Definitely much more rare in the northeast than in the Great Lakes States, especially around Lake Superior. Bill Steele used to sell seedlings years back, but was told to desist, if memory serves. Yet another great example of how "orchid conservation" in fact stifles plant protection. I wouldn't recommend this one for general culture though since it seems quite prone to all manner of problems and doesn't withstand high temperatures (not more than ~25 C for sure, lower is better though). If you live in a USDA zone 4 or lower it might be worth trying if you construct a deep sandy bed moderately acidic in reaction. Otherwise, you'll probably not succeed. BTW, I've heard the Isle Royale National Park is brimming with them. That's good to know 

Thanks Charles for your great photos and text. They make me homesick for my home state!


----------



## cnycharles (May 21, 2011)

*flower update!*

I decided to avoid spraying at work tonight and dodge the slow-moving thunderstorms and try to check out how the yellow ladyslippers were doing up at remsen bog... my old, trusty golf/orchid hunting umbrella is giving up the ghost and there was some scattered lightning nearby, so I wasn't too keen on hanging around very long, but quickly saw that half of the orchids were already flowering! I thought I would be only be taking a progression photo, but the yellows always surprise me on how fast they can flower. All the rain we have been having has probably helped them along as well. Nearby Rome, NY has had flooding from downpours two days in a row and luckily the storm was two miles west of where I was though it was lightly raining. I didn't have my tripod so the pics are a little grainy and I used flash for most of them






yellow ladyslippers aka cypripedium parviflorum var. pubescens















a shy bloomer










this was my attempt to catch a speeding red eft salamander on film... (okay, so I accidentally tripped the shutter while trying to get a light reading  )

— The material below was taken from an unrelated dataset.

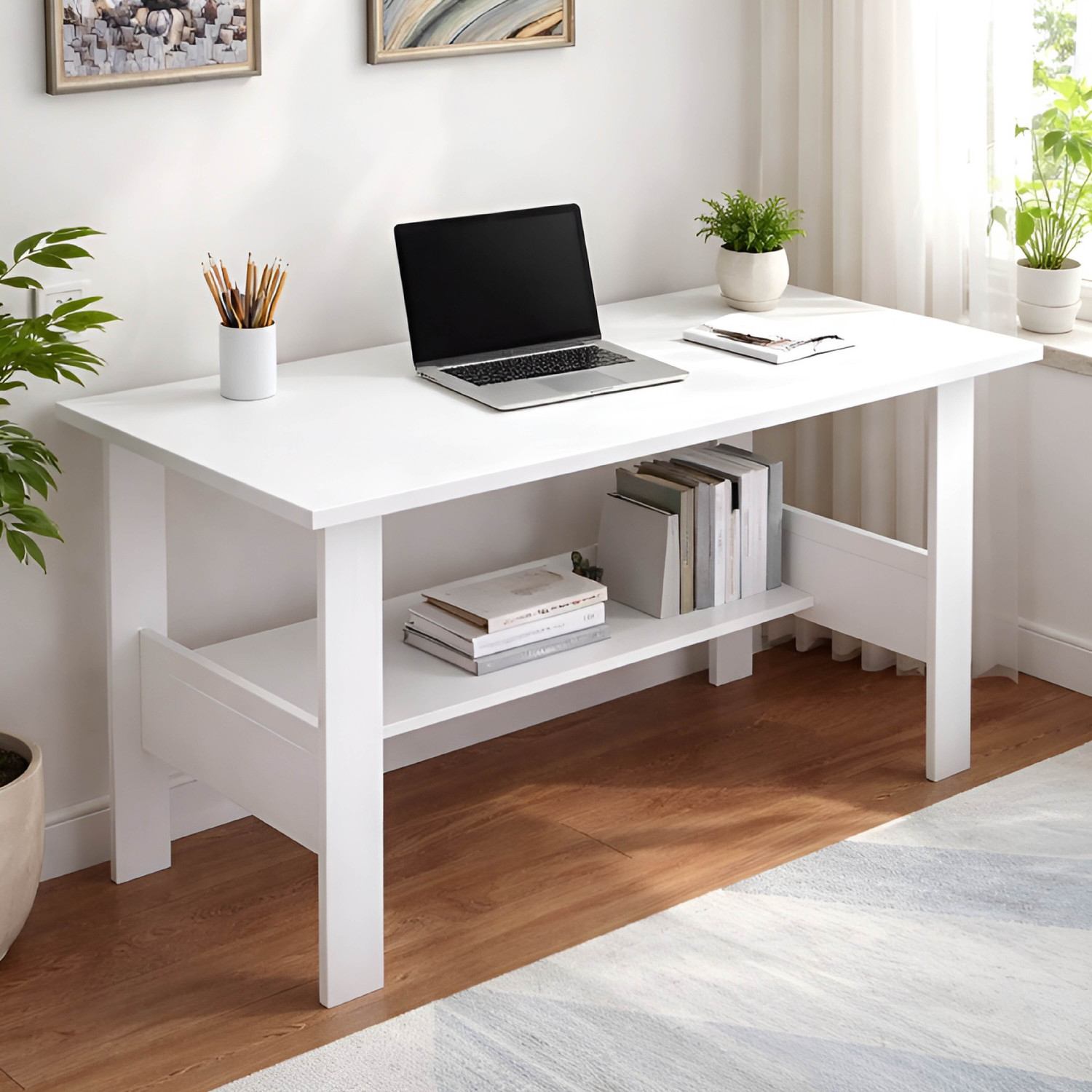 Image of DST CRAFT Engineered Wood Multipurpose Table (Free Standing, Finish Color - White, DIY(Do-It-Yourself))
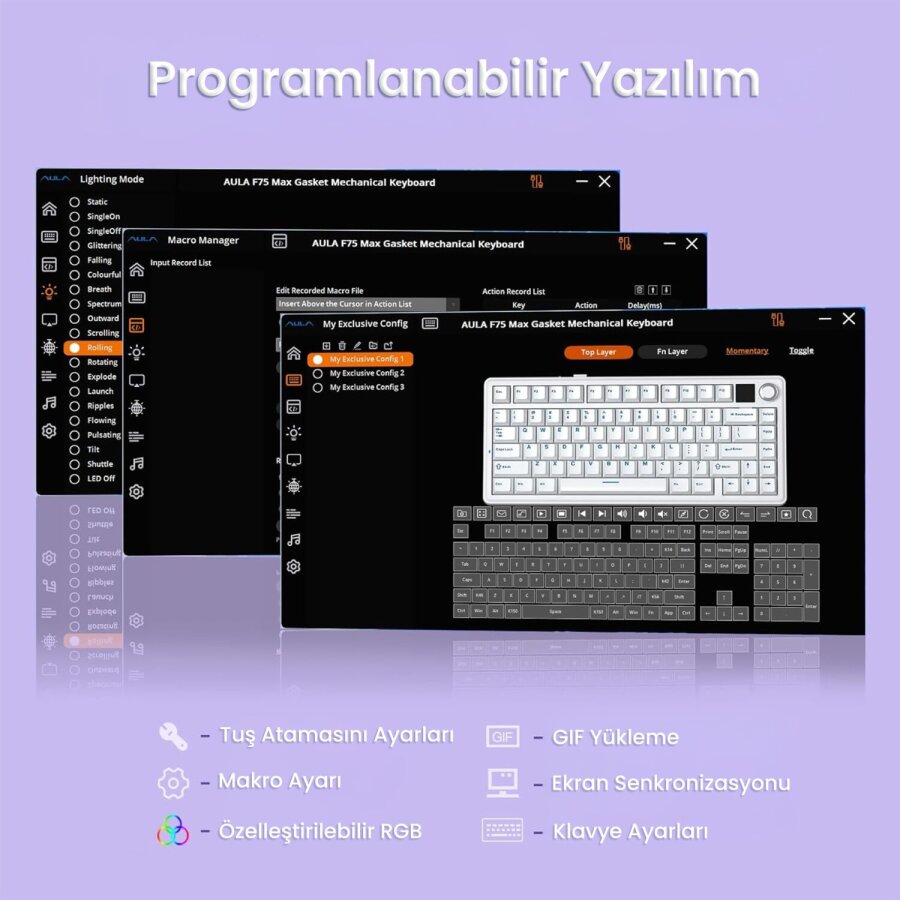 Aula F75 Max Mekanik Kablosuz ve Kablolu Gaming Oyuncu Klavyesi RGB TKL Reaper Switch Hot Swap Makrolu Mor - 7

I would think that anyone that wanted to see the yellow ladyslippers at labrador hollow would be able to anytime in the next week. I don't have a visual myself from there, but with this rain, if some are open here at higher altitude then they would be at labrador hollow (or at least very soon)


----------



## NYEric (May 21, 2011)

Er.. no photos!


----------



## cnycharles (May 21, 2011)

pics are up!


----------



## KyushuCalanthe (May 21, 2011)

Looks wet and cool there. What a "spring" you all have been getting up there in the Northeast


----------



## NYEric (May 23, 2011)

The weather is warming up but its still very cool at night!


----------



## Kevin (May 23, 2011)

I'll try:


cnycharles said:


> some of these are common, but if you know what some of these are (besides the red trillium) please chime in and let us know what they are
> 
> 
> 
> ...


----------



## KyushuCalanthe (May 23, 2011)

cnycharles said:


> a friend took pics of these last year, but could not identify them. anyone?



Looks like hobblebush to me, Viburnum lantanoides.


----------



## Marc (May 23, 2011)

Thanks for these pictures, seeing cyp's in the wild is on my to do list for someday in the future. These pictures only add to the desire to fullfill that wish one day.



cnycharles said:


> i'm not sure what these next two pictures are of, except maybe some sort of horsetail or relative?



This looks like a form of horsetail to me, I have a Equisetum japonicum in the garden and this spring it was dug out and placed in a bucket without any drainage holes. This stupid plant produces runners about 30cm's under the surface. These runners then produce new growths every 15-30 cm's which work their way up through the soil. Since I dug out this plant I'm still working on getting the leftovers out of the shadow section of the garden.

Tip of the day. Don't plant this in your garden!


----------



## likespaphs (May 23, 2011)

*Erythronium americanum* or Toad Lily.

trout lilies!
toad lilies are Tricyrtis and i'm pretty sure there are no native U.S. species


----------



## Kevin (May 23, 2011)

Oh yeah, wrong common name. Changed it in that post. Latin is the way to go!


----------